Cooperative Fish and Wildlife Research Units Program: Massachusetts
Education, Research and Technical Assistance for Managing Our Natural Resources

Roy, A.H., M.J. Paul, and S.J. Wenger. 2010. Chapter 16: Urban Stream Ecology. Pages 341-352 In J A Aitkenhead-Peterson and A Volder (eds). Urban Ecosystem Ecology. Agronomy Monograph 55, American Society of Agronomy, Madison, WI.
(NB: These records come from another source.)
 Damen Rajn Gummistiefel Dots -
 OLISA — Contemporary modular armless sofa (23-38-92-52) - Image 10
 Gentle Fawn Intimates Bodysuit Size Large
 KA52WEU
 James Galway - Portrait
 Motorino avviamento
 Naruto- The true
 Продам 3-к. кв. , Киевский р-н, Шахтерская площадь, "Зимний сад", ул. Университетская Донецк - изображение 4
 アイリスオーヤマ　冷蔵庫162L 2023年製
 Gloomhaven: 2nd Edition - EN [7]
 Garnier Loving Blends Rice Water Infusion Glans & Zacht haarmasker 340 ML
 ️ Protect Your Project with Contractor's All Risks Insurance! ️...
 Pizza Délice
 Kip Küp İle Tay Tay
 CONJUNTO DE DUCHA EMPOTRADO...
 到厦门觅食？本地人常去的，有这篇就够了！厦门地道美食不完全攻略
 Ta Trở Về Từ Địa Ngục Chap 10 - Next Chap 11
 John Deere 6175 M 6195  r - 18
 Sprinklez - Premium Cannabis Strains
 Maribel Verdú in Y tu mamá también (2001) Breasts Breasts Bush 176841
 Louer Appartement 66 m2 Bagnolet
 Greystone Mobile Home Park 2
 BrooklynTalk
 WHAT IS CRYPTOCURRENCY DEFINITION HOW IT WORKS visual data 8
Urban watersheds characteristically have high impervious surface cover, resulting in high surface runoff and low infiltration following storms. In response, urban streams experience “flashy” stormflows, reduced baseflows, bank erosion, channel widening, and sedimentation. Urban watersheds also typically exhibit high nutrient, total ion, and contaminant concentrations. This harsh physical and chemical environment tends to produce biotic assemblages of low diversity dominated by tolerant and nonnative species. Ecosystem processes in urban streams also differ from nonurban streams, with fast leaf breakdown rates, reduced nutrient uptake, and high respiration rates, although these responses are not universal. The ecology of urban streams is variable among systems, depending on the natural environment (e.g., climate, geology, vegetation) and anthropogenic stresses (e.g., age, type, and extent of development; riparian deforestation; stormwater piping). Thus, management efforts must be geared toward urban stressors specific to each ecosystem if more diverse assemblages and more natural ecosystem processing are desired.